Varsity Sports: But even after success, you had frustration and anxiety, how did you handle those issues then?
Delron Buckley: When I first went to Germany it was 1994, I was still becoming a professional footballer, I had no family that side and the first years in Germany were really difficult. I was living with a German family that couldn’t speak English, not a word of English, so the communication was hands and feet, can you believe it? That was also mentally draining for me, after every training session, I knew I’m going to have to go home to this family that treated me as one of their family members but couldn’t speak a word of English, so it was make or break. But the good thing was as the years went past I signed my first professional contract, I started being recognised in Germany and then I met my wife, and that was another pat on my shoulder because when she came into my life, as much as my life got better, my football side got worse you get more famous, more money, you drive nice cars and people are jealous of you driving a Porsche or a Ferrari around, so my friends circle became very small.
Sometimes I wouldn’t play, or the coach would put me on the bench, my wife would be the one who used to cheer me up. Then when my first daughter was born, it was a different story, the minute you come home you have a bad day, you see your daughter all the bad stuff gets blocked out, and you realise because of this you need to keep on going.
Whenever I do motivational speaking, just a few weeks ago, there was some big athlete convention here at the Moses Mabhida Stadium and I did a speech there. There were lots of young athletes, top South African athletes, they asked me that questions and I said:
“One thing they must realise is that their career is going to come to an end, it’s not going to last forever and that they must enjoy it as much as possible. And if that time frame, you’re going through depression, don’t be afraid to speak up, don’t be afraid to ask for help. They shouldn’t keep it in if you don’t talk about it it’s going to affect them a lot. It can affect them so much that they might come to a situation where they might want to commit suicide believe it or not I never thought that would happen to me. And I was close to taking my life, very very close. But it can happen overnight.”

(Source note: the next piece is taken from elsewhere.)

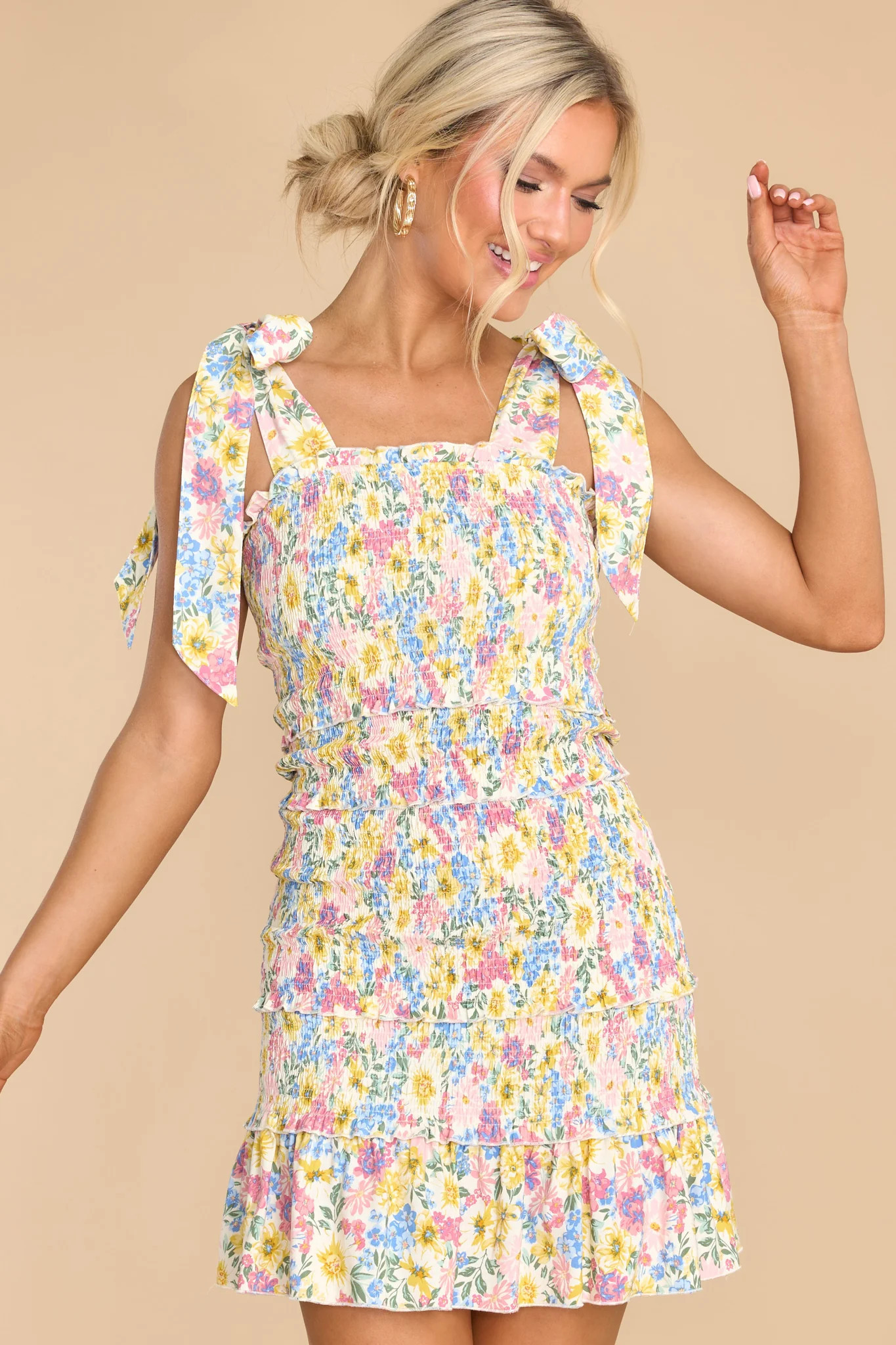 Sweet To Me Ivory Multi Floral Print Dress | Red Dress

Varsity Sports: When you eventually went back to Borussia Dortmund, it was your birthday and the crowd started singing happy birthday to you, but the last time you were there, they were booing you. Was the Borussia Dortmund crowd singing to you a sign that things to do change?
Delron Buckley: It was a big moment, that’s why I put that story in my book, so that people realise that things can turn. Because that’s why I wanted to prove to the people in Dortmund that although I had a bad season, I was depressed, I wasn’t scoring the fans were booing at you. I needed to leave for a second and get my head free. And I came back, the tables had turned, if I had to return to Dortmund they would give me VIP tickets to watch any game I wanted to and the fans love me, so things do turn.
It’s like a storm, it’s not going to be a storm for a whole 12 months, it will come for one or two days and it’s going to end, and what comes after the storm? Sunlight.